Kirche St. Dionysius Nordwalde

Informationsnachmittag mit Heilpraktikerin Petra Schlieckmann und Heilpraktiker Michael Herzog

63 Seniorinnen und Senioren trafen sich zum Infonachmittag im Pfarrsaal. Thema des Nachmittags war: "So heilt die Natur". Es gibt viele Möglichkeiten, sich gesundheitlich fit zu halten. Vorbeugend, in dem man z. B. Sport treibt und sich gesund ernährt. "So heilt die Natur, das hört sich ein bisschen nach Oma´s Hausmittelchen an. Aber, es steckt viel mehr dahinter. So begrüßte Klaus Allendorf die Seniorgengemeinschaft und die Heilpraktikerin Petra Schlieckmann mit ihrem Kollegen Michael Herzog.

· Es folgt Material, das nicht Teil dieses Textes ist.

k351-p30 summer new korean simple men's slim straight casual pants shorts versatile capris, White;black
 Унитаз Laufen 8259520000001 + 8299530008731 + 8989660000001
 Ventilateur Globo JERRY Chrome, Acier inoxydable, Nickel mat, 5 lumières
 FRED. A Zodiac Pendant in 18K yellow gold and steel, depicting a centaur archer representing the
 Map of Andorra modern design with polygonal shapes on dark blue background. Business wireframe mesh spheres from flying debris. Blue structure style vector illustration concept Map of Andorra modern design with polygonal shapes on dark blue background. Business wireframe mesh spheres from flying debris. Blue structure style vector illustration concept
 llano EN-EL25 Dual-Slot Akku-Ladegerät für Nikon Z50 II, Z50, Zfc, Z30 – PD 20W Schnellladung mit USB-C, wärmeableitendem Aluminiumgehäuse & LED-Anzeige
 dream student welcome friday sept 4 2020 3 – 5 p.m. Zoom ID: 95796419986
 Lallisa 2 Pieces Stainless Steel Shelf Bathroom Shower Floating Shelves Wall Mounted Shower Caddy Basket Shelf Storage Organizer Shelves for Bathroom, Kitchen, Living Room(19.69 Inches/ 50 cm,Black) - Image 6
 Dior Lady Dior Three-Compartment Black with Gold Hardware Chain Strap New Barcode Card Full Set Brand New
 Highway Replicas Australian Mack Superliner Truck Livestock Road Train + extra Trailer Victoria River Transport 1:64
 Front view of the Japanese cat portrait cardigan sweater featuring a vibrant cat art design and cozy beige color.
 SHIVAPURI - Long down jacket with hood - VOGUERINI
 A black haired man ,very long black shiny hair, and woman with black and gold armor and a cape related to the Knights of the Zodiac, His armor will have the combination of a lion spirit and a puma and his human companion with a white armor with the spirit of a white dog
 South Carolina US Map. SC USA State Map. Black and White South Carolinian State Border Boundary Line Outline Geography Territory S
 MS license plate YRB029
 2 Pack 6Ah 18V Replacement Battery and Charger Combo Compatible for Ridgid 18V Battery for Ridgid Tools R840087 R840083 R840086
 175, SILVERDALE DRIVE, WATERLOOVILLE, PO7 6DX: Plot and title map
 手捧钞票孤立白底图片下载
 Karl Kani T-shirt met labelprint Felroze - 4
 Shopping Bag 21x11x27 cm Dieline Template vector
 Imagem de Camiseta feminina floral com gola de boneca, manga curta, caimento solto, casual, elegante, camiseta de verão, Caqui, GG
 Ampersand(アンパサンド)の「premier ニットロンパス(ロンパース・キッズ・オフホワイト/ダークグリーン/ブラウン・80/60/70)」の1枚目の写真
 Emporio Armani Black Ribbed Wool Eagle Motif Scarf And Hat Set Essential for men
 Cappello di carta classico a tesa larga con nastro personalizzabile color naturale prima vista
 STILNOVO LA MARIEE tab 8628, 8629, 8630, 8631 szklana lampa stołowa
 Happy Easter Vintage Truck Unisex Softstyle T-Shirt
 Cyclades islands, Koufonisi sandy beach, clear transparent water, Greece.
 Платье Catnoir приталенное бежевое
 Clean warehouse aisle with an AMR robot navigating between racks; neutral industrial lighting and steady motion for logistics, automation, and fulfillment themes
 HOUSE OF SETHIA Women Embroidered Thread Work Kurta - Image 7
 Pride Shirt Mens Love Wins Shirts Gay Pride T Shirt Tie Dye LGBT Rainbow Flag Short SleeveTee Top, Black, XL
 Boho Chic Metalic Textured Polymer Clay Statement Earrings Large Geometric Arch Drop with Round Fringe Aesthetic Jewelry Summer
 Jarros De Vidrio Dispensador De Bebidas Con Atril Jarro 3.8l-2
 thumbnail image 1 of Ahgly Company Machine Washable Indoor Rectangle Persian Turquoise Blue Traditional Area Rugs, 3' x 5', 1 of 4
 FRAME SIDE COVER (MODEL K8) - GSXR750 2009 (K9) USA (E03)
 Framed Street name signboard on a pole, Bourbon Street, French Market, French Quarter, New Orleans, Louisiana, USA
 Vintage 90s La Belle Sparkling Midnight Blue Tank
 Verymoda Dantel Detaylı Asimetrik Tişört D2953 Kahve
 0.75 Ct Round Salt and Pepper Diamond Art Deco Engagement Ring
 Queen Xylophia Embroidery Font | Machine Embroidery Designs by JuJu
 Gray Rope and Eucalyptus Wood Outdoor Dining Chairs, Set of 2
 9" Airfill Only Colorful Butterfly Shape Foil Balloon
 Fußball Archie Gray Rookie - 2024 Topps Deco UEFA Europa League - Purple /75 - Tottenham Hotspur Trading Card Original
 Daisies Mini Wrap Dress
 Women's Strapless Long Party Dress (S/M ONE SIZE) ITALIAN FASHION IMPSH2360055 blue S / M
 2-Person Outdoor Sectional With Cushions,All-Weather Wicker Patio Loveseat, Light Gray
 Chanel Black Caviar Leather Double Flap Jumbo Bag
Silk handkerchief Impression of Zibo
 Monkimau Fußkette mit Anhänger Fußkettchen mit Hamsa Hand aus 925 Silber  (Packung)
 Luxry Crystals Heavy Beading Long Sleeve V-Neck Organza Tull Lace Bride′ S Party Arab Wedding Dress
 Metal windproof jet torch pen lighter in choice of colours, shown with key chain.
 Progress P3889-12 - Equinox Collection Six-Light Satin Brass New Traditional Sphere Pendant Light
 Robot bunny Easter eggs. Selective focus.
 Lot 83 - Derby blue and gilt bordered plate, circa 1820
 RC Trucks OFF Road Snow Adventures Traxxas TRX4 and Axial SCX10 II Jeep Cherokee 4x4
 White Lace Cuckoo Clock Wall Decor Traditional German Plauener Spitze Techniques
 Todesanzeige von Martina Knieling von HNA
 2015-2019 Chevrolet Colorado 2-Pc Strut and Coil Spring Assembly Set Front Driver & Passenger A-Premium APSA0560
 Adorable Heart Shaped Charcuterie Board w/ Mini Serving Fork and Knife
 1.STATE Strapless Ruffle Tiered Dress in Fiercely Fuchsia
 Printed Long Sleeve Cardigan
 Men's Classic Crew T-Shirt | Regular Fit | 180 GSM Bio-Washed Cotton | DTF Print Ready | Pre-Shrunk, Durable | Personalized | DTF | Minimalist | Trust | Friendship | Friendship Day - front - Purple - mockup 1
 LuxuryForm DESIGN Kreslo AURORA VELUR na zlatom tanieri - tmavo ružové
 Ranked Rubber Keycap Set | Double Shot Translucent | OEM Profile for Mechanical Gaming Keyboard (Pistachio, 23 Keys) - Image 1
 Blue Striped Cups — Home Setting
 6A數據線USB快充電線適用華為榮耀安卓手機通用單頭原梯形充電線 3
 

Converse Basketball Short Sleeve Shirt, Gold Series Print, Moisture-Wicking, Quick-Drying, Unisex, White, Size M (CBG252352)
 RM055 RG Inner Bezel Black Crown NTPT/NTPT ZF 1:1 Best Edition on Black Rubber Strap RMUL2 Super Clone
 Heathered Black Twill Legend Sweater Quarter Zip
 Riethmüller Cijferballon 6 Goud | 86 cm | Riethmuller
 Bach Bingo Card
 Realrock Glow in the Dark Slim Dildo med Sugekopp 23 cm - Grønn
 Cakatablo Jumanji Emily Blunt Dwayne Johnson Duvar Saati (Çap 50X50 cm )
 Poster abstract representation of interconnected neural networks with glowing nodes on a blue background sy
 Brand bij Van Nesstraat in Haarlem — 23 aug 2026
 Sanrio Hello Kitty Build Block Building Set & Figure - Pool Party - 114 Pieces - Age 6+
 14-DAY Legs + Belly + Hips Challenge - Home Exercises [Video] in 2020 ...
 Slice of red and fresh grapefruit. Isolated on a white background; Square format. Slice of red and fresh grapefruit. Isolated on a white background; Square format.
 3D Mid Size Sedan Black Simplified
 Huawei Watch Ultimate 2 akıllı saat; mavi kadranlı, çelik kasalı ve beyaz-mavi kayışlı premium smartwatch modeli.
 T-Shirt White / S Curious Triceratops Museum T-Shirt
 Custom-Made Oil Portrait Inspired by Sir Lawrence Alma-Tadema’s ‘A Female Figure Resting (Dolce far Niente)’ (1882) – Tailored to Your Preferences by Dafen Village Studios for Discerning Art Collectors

Bei Erkältungskrankheiten ist es der Blasiussegen, der helfen soll, der Hl. Blasius ist einer der 14 Nothelfer. Bei Kopfweh können wir den Hl. Dionysius anrufen und bei Leibschmerzen den Hl. Erasmus. Patronin der Gebärenden ist die Hl. Margareta bei Epilepsie rufen wir zum Hl. Vitus. Und wenn alles nichts hilft, wenn es einen dann doch einmal erwischt und man bekommt die Erkältung oder Grippe und anderes, dann geht´s hin zum Arzt oder aber auch zum Heilpraktiker(in). Zunächst gab es für alle Kaffee, Kuchen und Schnittchen, bevor die Heilpraktikerin Petra Schlieckmann mit ihrem Vortrag begann.

Drei Themengebiete hat sie für ihren Vortrag gewählt:

  • die Blutegel-Therapie
  • das Schröpfen
  • und die Ozon-Therapie.

Zur besseren Anschauung hatte sie eigens Blutegel mitgebracht. Diese werden bei verschiedensten Krankheiten angewende,t z. B. bei Krampfadern, Athrose, Tinitus usw. So ein Biss eines Blutegel tut nicht weh, max. wie ein Stich mit einer Nadel.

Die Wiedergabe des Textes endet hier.